Otro de mis apuntes se refiere a Dublín, tras los demoledores resultados del referéndum que ha dado vía libre al llamado matrimonio homosexual en la isla de San Patricio. El arzobispo Diarmuid Martin ha dicho que el país afronta una verdadera revolución cultural y que muchos en la Iglesia han tardado en detectarla. Más aún, ha señalado que el 90% de los jóvenes que han votado “sí” han estudiado en colegios católicos. Mons. Martin ha recordado que durante una visita ad límina, Benedicto XVI había preguntado a los obispos irlandeses “dónde están los puntos de contacto entre la Iglesia y los centros en los que se forja la cultura irlandesa hoy”. Esa pregunta, ha reconocido el arzobispo de Dublín, aún espera una adecuada respuesta. Por cierto, ¿qué pasaría si el Papa formulase la misma cuestión a los obispos españoles?

Tras los resultados del referéndum irlandés, que no pretendo analizar aquí en toda su complejidad, ya no hay espacio para falsas ensoñaciones. Muchos hablan ahora de la necesidad de que la Iglesia haga cuentas con la realidad y vuelva a conectar con las jóvenes generaciones. De acuerdo con la cura de realismo y de humildad, pero en este caso “hacer cuentas con la realidad” no puede consistir en adaptarse al siglo, sino en hacer brillar de nuevo la verdad del hombre y de la mujer, de la sexualidad y de la familia. Y la vía maestra habrá de ser el testimonio de las propias familias, lo que no excluye un renovado discurso a la altura de las circunstancias.

La última estación de este recorrido se sitúa en Alemania. No es un secreto que las aguas eclesiales bajan revueltas en la tierra de San Bonifacio, pero aquí la novedad radica en algunas manifestaciones de singular frescura y libertad que están protagonizando algunos pastores. Primero fue el joven obispo de Passau, Stefan Oster, que se “atrevió” (porque hace falta valor para desafiar a la telecracia y a la demoscopia, también en la Iglesia) a responder en su perfil de Facebook a las peticiones planteadas por el ZdK (Comité Central de los católicos alemanes) para adecuar la enseñanza y disciplina eclesial sobre la familia a los valores culturales de la sociedad actual.

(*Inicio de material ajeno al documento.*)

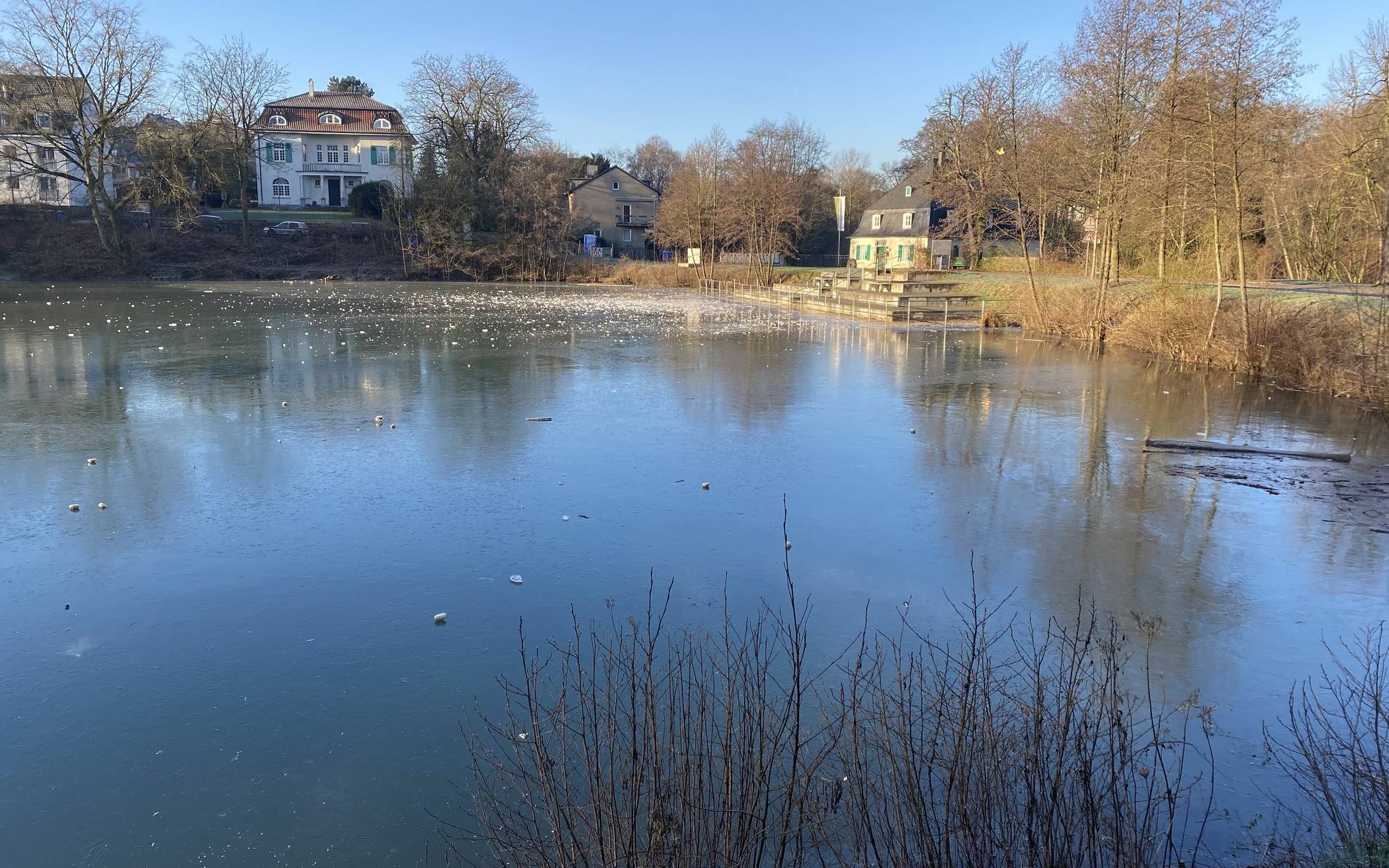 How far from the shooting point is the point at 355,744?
15.0 ft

El obispo ha respondido que los “valores vividos” por algunas personas, o “los signos de los tiempos” (o sea, la opinión mayoritaria jaleada por los medios) no son suficientes para cambiar una enseñanza de 2.000 años que se basa en la Revelación, ya que Jesucristo “no es un valor” sino la misma Palabra de Dios. Lo notable del caso es que otros cinco obispos alemanes tomaron la iniciativa de publicar una carta mostrando a su hermano su gratitud y su apoyo. Entre otras cosas escribían que “en Alemania vivimos hoy en una sociedad profundamente secularizada. Este hecho no nos debe descorazonar ni hacer que busquemos adaptarnos a la opinión de la mayoría, sino que debemos entenderlo como una oportunidad para redescubrir la singularidad de la vocación cristiana en el mundo de hoy. Una proclamación fiel y sincera de la enseñanza de Jesús en la Palabra de Dios, y el desarrollo de la relación con Él como la riqueza de nuestras vidas, como tú has mostrado en tu réplica, son absolutamente necesarios en esta situación”.

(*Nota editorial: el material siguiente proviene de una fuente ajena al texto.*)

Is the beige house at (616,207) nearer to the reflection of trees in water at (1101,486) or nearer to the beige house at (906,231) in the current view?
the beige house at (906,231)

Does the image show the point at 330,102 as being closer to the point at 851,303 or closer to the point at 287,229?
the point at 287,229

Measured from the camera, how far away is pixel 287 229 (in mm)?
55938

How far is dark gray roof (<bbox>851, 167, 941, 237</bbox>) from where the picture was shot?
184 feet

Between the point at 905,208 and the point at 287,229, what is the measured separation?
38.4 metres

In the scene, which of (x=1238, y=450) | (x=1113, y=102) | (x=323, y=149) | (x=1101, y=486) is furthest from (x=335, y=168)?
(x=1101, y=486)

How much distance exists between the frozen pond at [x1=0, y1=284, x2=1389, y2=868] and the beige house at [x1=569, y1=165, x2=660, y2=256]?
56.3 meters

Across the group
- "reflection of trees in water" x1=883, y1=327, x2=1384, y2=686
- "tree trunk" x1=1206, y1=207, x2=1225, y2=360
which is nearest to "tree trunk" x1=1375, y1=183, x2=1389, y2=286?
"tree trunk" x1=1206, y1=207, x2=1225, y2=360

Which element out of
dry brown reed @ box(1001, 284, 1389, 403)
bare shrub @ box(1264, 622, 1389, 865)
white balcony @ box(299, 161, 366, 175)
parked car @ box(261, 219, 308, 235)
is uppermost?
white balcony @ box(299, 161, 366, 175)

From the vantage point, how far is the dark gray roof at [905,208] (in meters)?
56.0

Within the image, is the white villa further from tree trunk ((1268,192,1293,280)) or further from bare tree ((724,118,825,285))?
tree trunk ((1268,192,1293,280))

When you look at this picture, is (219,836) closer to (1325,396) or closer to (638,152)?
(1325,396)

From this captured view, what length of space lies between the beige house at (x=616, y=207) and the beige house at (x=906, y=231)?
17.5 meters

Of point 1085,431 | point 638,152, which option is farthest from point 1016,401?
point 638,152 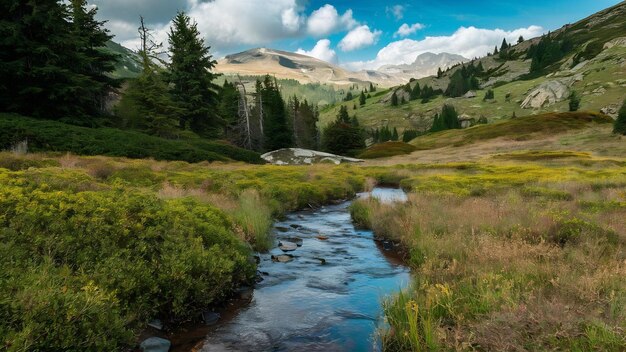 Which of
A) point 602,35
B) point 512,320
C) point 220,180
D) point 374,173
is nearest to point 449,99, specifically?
point 602,35

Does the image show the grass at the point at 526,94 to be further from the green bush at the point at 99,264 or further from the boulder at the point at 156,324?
the boulder at the point at 156,324

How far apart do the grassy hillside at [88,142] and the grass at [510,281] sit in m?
22.1

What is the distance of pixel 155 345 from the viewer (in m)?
5.98

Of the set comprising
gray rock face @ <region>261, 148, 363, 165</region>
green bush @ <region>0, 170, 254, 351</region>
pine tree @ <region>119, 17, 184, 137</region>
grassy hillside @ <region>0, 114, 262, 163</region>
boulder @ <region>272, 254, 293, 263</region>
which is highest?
pine tree @ <region>119, 17, 184, 137</region>

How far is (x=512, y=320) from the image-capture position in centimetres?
498

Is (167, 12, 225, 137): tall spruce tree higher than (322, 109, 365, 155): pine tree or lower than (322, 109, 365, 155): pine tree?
higher

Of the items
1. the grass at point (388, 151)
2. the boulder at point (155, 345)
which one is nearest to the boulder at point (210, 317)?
the boulder at point (155, 345)

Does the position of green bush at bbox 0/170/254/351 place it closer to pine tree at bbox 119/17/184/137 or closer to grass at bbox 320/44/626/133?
pine tree at bbox 119/17/184/137

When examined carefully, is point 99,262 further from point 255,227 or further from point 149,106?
point 149,106

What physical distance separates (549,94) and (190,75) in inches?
5397

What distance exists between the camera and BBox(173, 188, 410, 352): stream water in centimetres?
655

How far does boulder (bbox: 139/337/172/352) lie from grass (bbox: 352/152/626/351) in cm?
347

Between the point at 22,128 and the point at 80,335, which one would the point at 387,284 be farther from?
the point at 22,128

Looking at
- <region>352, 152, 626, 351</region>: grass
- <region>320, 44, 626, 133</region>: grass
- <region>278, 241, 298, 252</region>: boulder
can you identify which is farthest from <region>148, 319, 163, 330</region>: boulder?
<region>320, 44, 626, 133</region>: grass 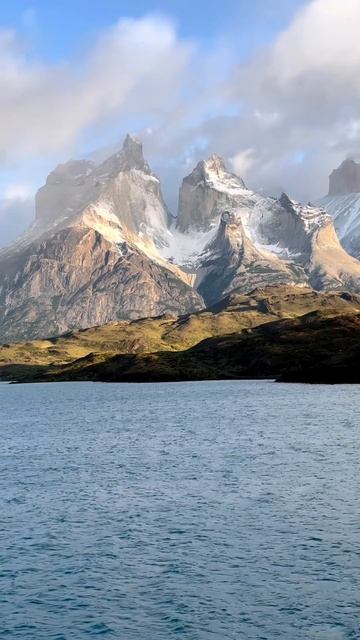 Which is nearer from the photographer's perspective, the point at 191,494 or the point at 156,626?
the point at 156,626

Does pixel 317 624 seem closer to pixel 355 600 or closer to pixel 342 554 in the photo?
pixel 355 600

En la misma línea, llama la atención lo que ha dicho el arzobispo de Friburgo, Stephan Burger, también él muy joven, con motivo de sus bodas de plata sacerdotales: “veinticinco años atrás no di este paso para proclamar los fallos de los hombres de Iglesia, sino esta Palabra que ha venido del Padre y que es Cristo mismo… Las estructuras pueden ser objeto de reforma en el tiempo, pero no el amor de Cristo, ni su mensaje, y del mismo modo, la naturaleza de la Iglesia es, en última instancia, inamovible”.

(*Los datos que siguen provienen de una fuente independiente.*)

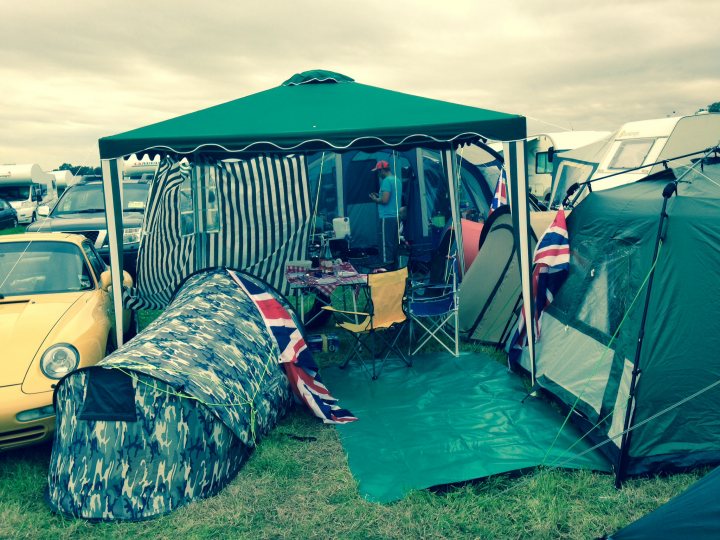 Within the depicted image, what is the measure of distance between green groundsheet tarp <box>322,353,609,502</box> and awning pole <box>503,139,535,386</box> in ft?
1.77

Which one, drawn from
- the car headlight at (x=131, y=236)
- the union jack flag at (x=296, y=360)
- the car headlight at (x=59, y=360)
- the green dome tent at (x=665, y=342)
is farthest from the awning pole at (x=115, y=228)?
the car headlight at (x=131, y=236)

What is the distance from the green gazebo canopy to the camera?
5211mm

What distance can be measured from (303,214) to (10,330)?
3.75 m

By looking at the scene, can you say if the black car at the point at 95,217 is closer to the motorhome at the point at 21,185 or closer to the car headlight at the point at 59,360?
the car headlight at the point at 59,360

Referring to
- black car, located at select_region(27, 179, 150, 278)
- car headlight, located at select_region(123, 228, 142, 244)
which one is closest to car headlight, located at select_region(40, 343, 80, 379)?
→ black car, located at select_region(27, 179, 150, 278)

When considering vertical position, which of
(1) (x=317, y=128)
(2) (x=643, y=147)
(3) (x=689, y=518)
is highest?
(2) (x=643, y=147)

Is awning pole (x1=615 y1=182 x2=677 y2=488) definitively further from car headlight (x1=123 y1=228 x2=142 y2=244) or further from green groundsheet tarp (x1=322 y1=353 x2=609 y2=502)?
car headlight (x1=123 y1=228 x2=142 y2=244)

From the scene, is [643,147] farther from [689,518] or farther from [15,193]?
[15,193]

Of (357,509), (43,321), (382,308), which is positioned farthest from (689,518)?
(43,321)

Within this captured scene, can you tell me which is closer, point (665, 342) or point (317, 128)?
point (665, 342)

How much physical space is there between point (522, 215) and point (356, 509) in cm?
277

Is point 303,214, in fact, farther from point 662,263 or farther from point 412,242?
point 662,263

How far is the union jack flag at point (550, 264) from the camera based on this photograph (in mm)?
4949

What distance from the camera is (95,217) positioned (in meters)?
9.86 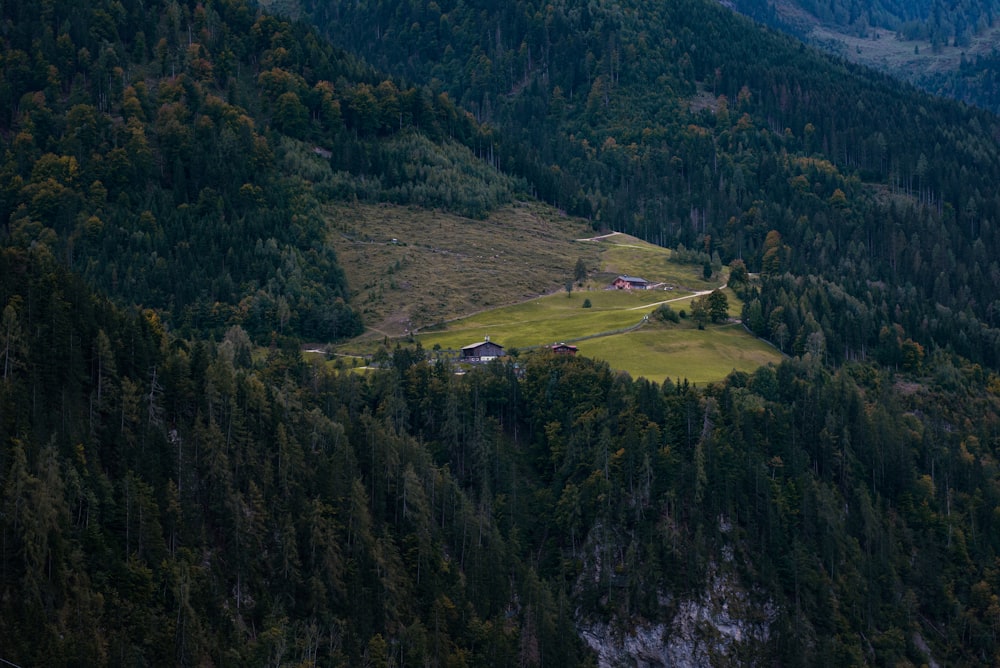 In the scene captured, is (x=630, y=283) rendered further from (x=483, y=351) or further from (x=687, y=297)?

No son tiempos fáciles los que le esperan a la Iglesia en la vieja y cansada Europa, pero soy de los que piensan que, en nuestro continente, la fe dista mucho de haberse agostado, e incluso allí donde por un tiempo parece sumergirse bajo tierra, la chispa puede volver a encenderse. Y como diría el Siervo de Dios Don Luigi Giussani, “en medio de un desastre, valorar lo que tiene valor es una muestra de inteligencia y de suma sabiduría”. A ver si se me pega algo.